While backing off her ground water claim, Pat Mulroy simultaneously proposed a project to augment Nevada’s water supply through the Virgin River. The Virgin River, unlike most waterways in the West, was not fully allocated, and flowed into Lake Mead at the base of the Grand Canyon. Rather than build an expensive dam and pipeline that would harm the environment, Pat Mulroy proposed that the SNWA simply let the river run into Lake Mead, and take its water in addition to the 300,000 acre feet of Colorado River Water through existing infrastructure (with a few performance improving tweaks). By trading groundwater for the Virgin River, Mulroy got farmers on her side. By proposing a project that lacked any new construction projects and left the Virgin River completely untouched until Lake Mead, she got the environmentalists on her side as well. Now Mulroy just needed the law on her side.
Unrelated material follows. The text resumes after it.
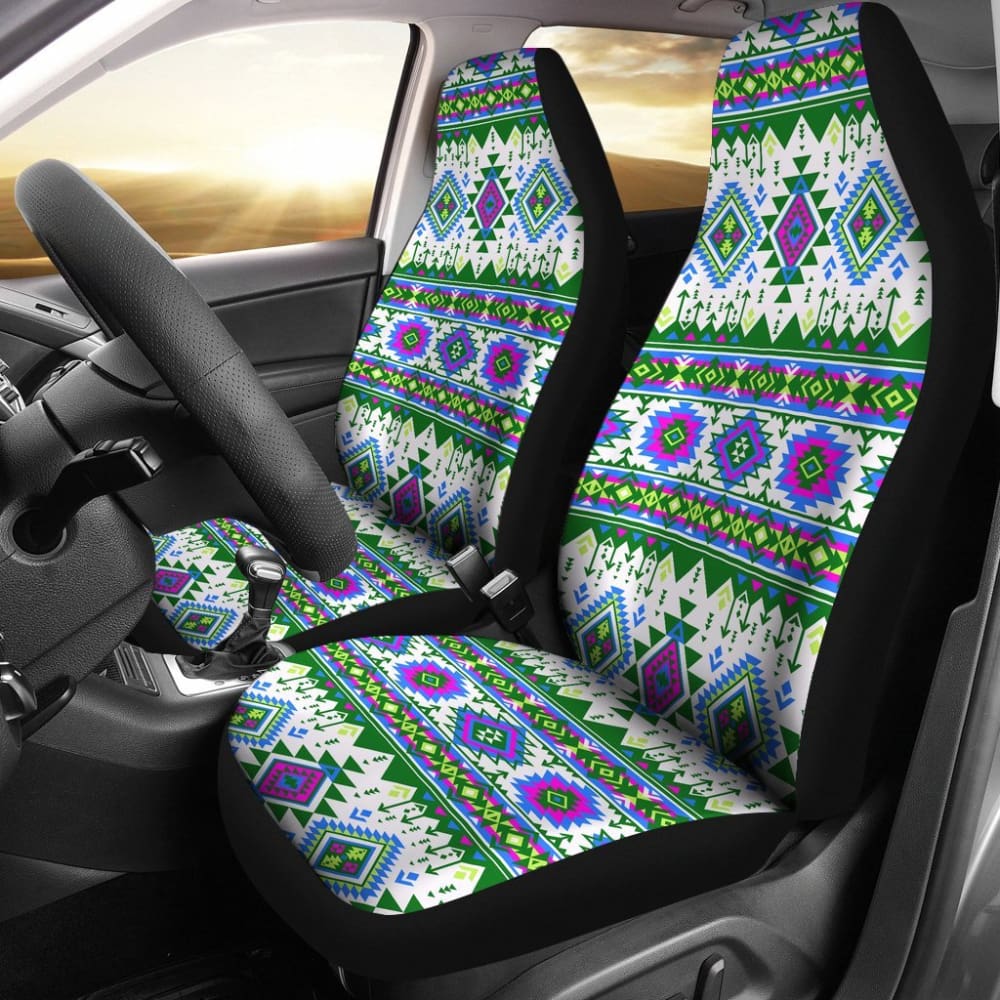 Green Purple Aztec Car Seat Covers 174510 - YourCarButBetter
Because of the 1922 Compact, the “Law of the River,” deals like this just weren’t possible at the turn of the 21st century. The in-State isolation system of water management did not allow for running tributaries through Lake Mead to increase Colorado River allocations. However, in 2007, the Interim Guidelines for River management allowed for Intentionally Created Surpluses, which allowed the SNWA to let the Virgin River run into Lake Mead, and then receive use credits. Through this revolutionary change in River management, Southern Nevada received Virgin River water in 2008—the first new source of water to the region in over 50 years.